What exactly is the fluid-ounces feature attempting to achieve? Essentially, it weighs the item placed on it and assumes it has the density of water. I tested this by measuring a fluid ounce of water using a small measuring cup from a cough syrup bottle. The scale displayed 1.0 fluid ounces, 1.0 ounces, 29 milliliters, and 29 grams.
This makes sense—water has a density of 0.997 g/mL, meaning 0.997 grams of water occupies 1 milliliter of space. Rounded off, one gram is approximately equal to one milliliter, and one fluid ounce is roughly equivalent to one ounce by weight. If a recipe calls for four fluid ounces of water (half a cup), you can simply weigh out four ounces. There's no need for a 'fluid ounces' setting; standard weight measurements suffice.

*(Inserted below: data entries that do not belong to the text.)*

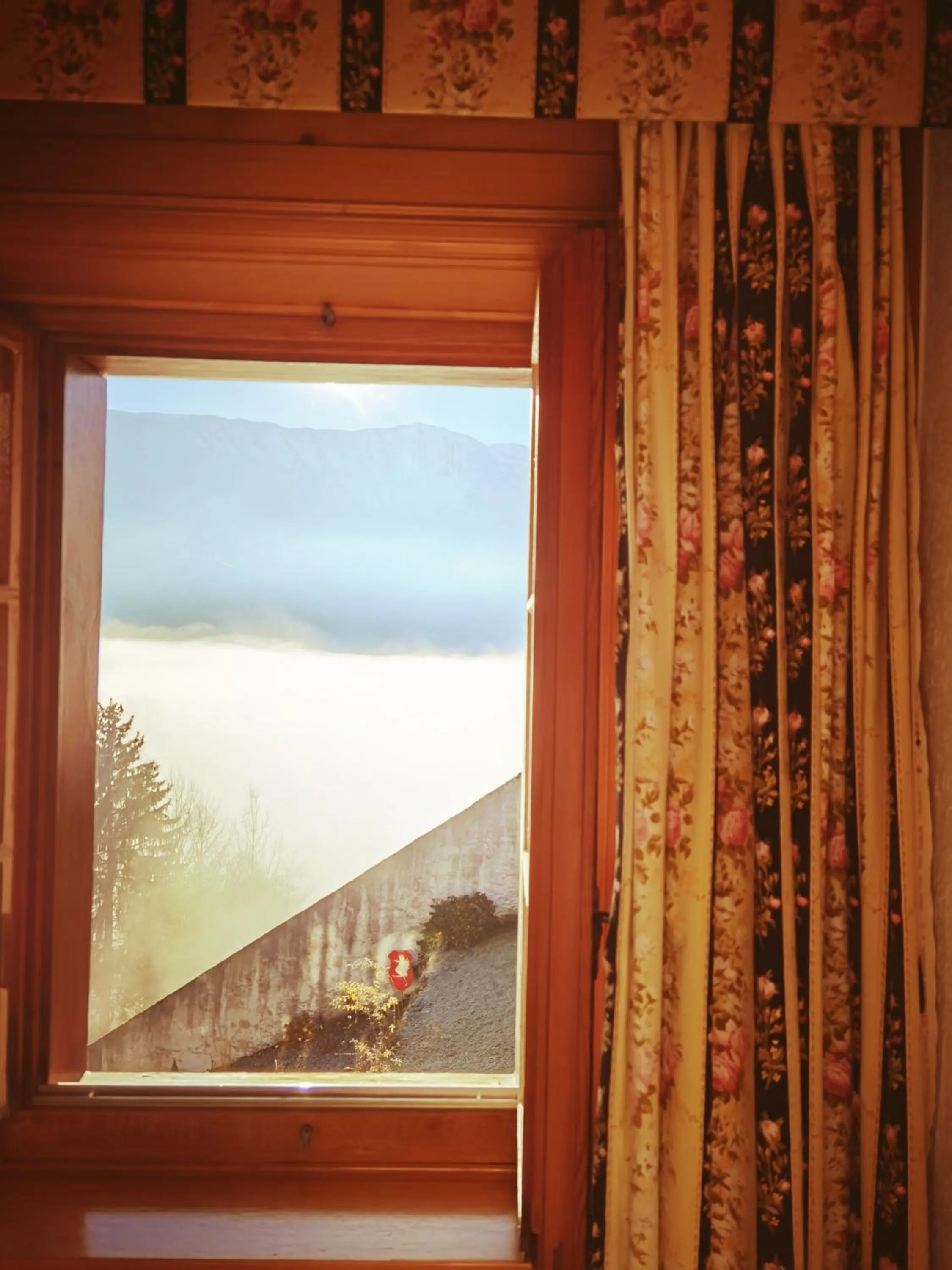 Garden view in La Fleur de Lys
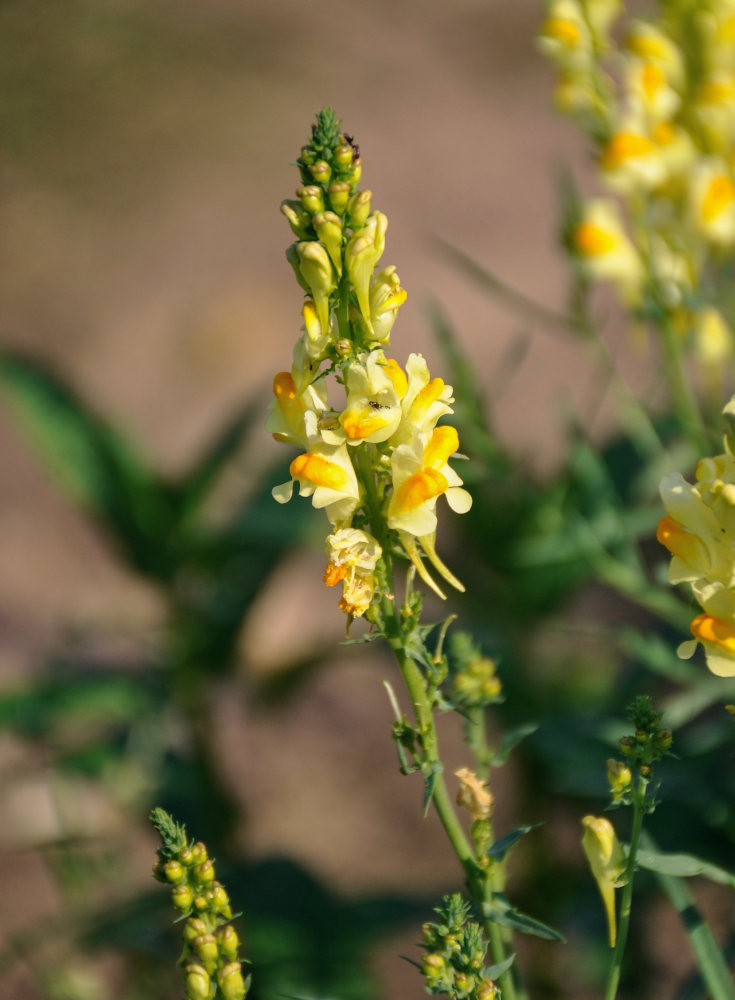 Image of Linaria vulgaris specimen.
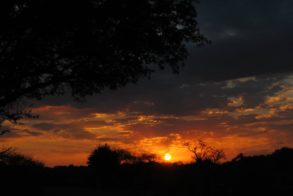 576266_387250724641169_1475773703_n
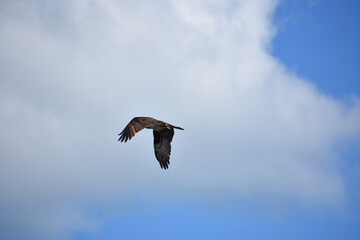 Wings on an Osprey Folded in Flight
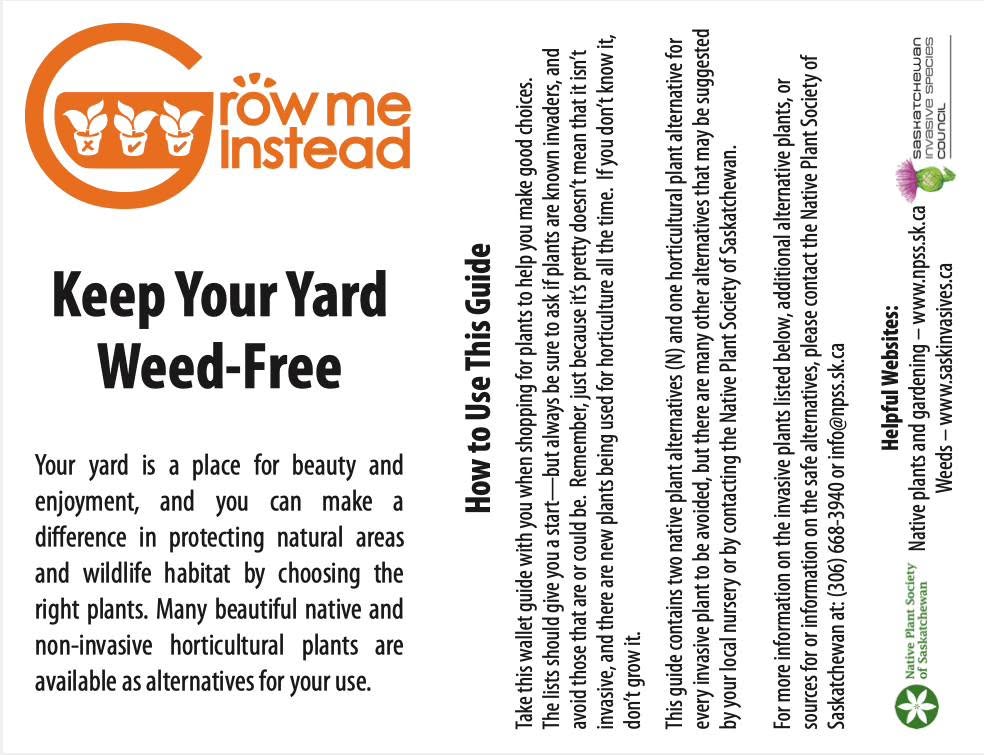graphic of part of Saskatchewan's "Grow Me Instead" brochure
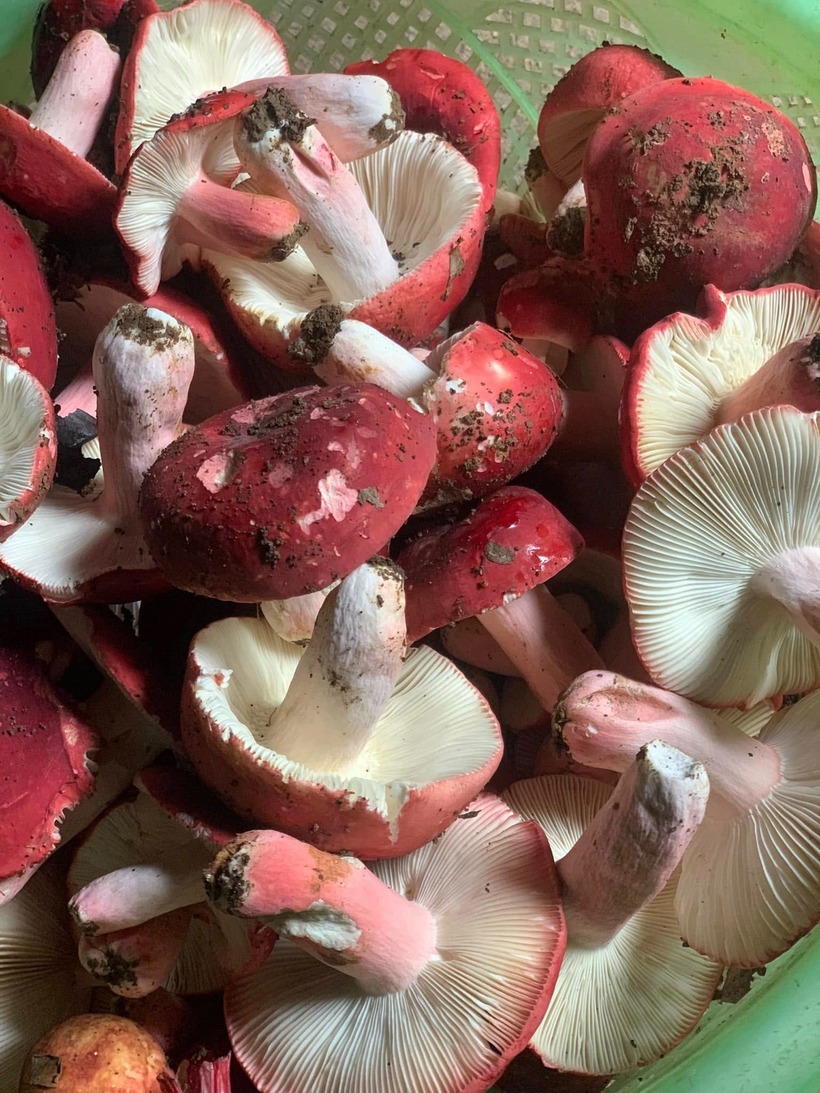 Nấm chẹo – một loại nấm rừng độc đáo chỉ mọc vào ban đêm và sẽ biến mất chỉ sau vài giờ.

When measuring water or similar substances, the fluid ounce and milliliter settings are unnecessary—they merely repeat what the standard ounce and gram settings already indicate. However, for substances with densities different from water—such as alcohol, oil, or syrup—these settings are not just redundant but potentially harmful. They can result in incorrect measurements, ruining your recipe.

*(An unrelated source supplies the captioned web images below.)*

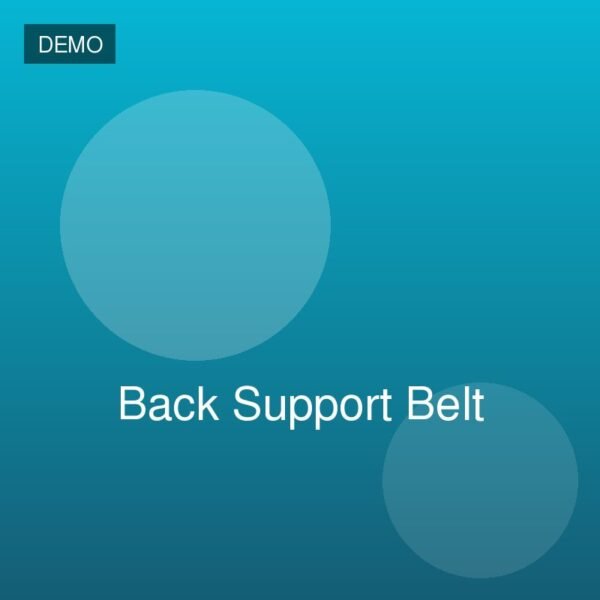 Back Support Belt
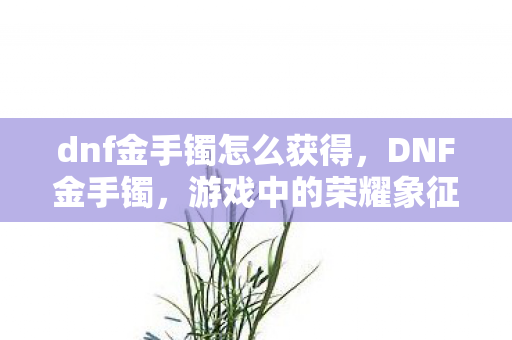 dnf金手镯怎么获得，DNF金手镯，游戏中的荣耀象征与珍贵收藏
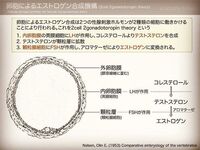 多嚢胞性卵巣症候群の治療で薬以外に出来ることって何がありますか 摂取したほう Yahoo 知恵袋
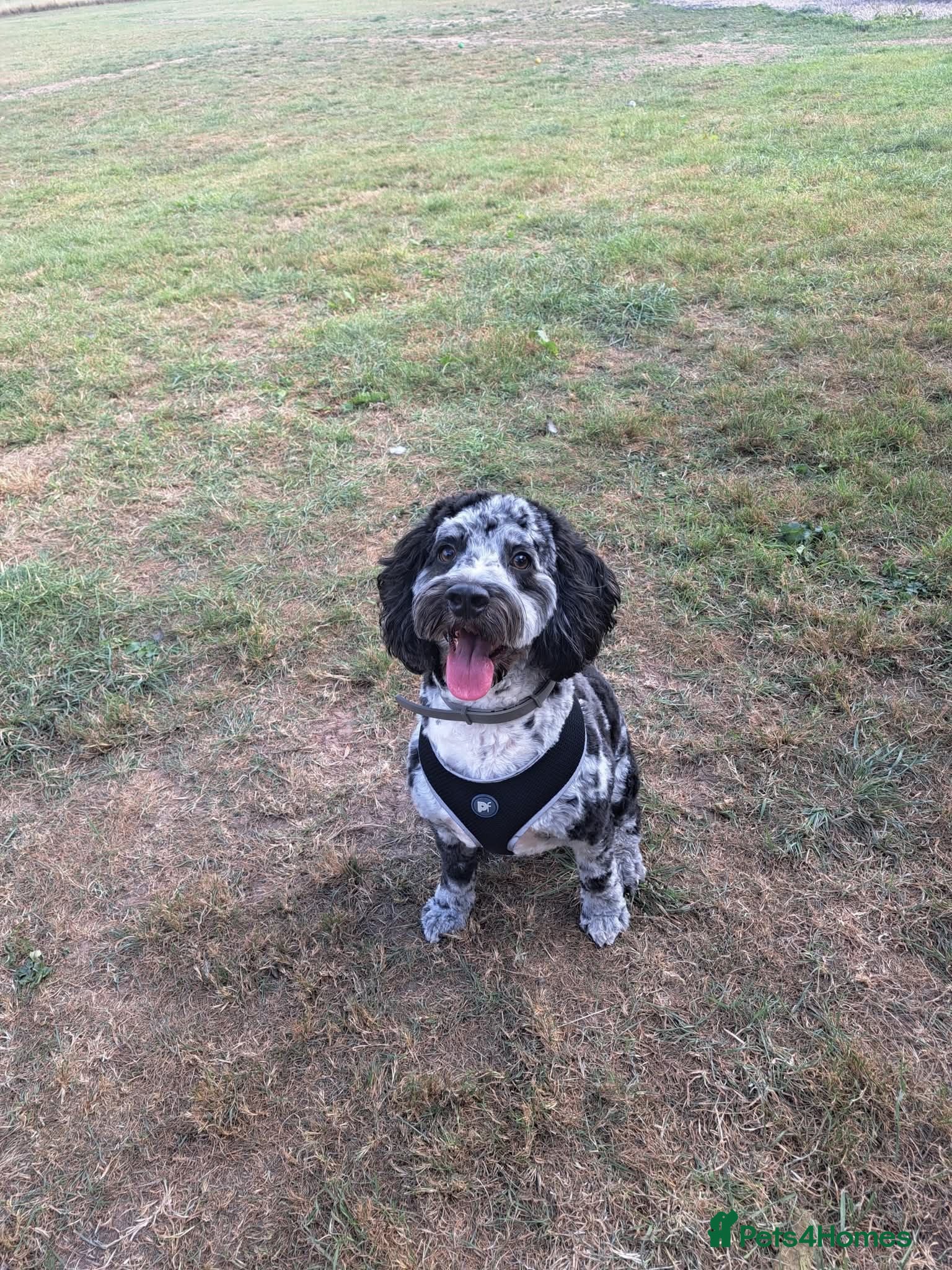 Cockapoo dogs 3 year old male Cockapoo - Advert 2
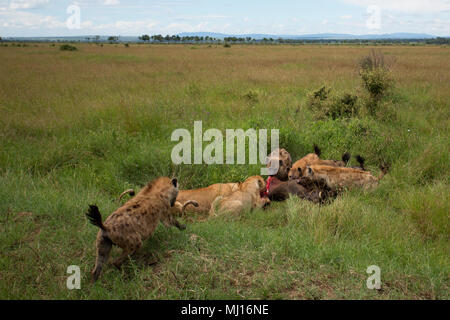 Hyenas attempting to steal a warthog off a pair of lions Stock Photo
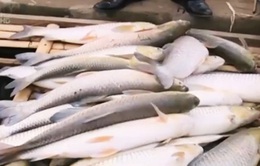 Vụ cá chết trên sông Bưởi: Nhà máy mía đường đền bù 1,4 tỷ đồng
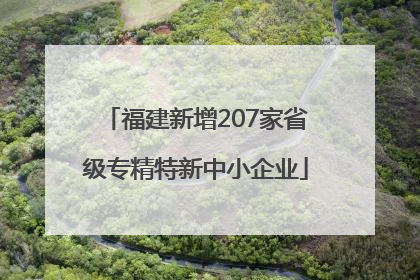 福建新增207家省级专精特新中小企业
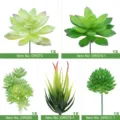 Plantas suculentas artificiales plantas verdes falsas decoración del hogar set variado - TA17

What impact does this have in practical scenarios?
To test this, I measured one 'fluid ounce' of whiskey and one 'fluid ounce' of Log Cabin maple-flavored pancake syrup.
Alcohol is less dense than water, with a density of 0.789 g/mL. This makes it lighter than water, which is why mixed drinks need to be stirred—otherwise, the alcohol will rise to the top. My inexpensive whiskey was 90 proof (45% alcohol), so its density is higher than pure alcohol but still much lower than water.

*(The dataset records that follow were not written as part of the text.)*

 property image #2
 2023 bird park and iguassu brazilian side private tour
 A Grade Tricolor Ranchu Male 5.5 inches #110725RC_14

On the other hand, syrup is denser than water because the dissolved sugar increases its weight without significantly increasing its volume. If you've ever made simple syrup, you know this: combining one cup of water with one cup of sugar results in about one and a quarter cups of syrup, even though it contains the full weight of both ingredients. Pancake syrup has even more sugar, making it much heavier than water.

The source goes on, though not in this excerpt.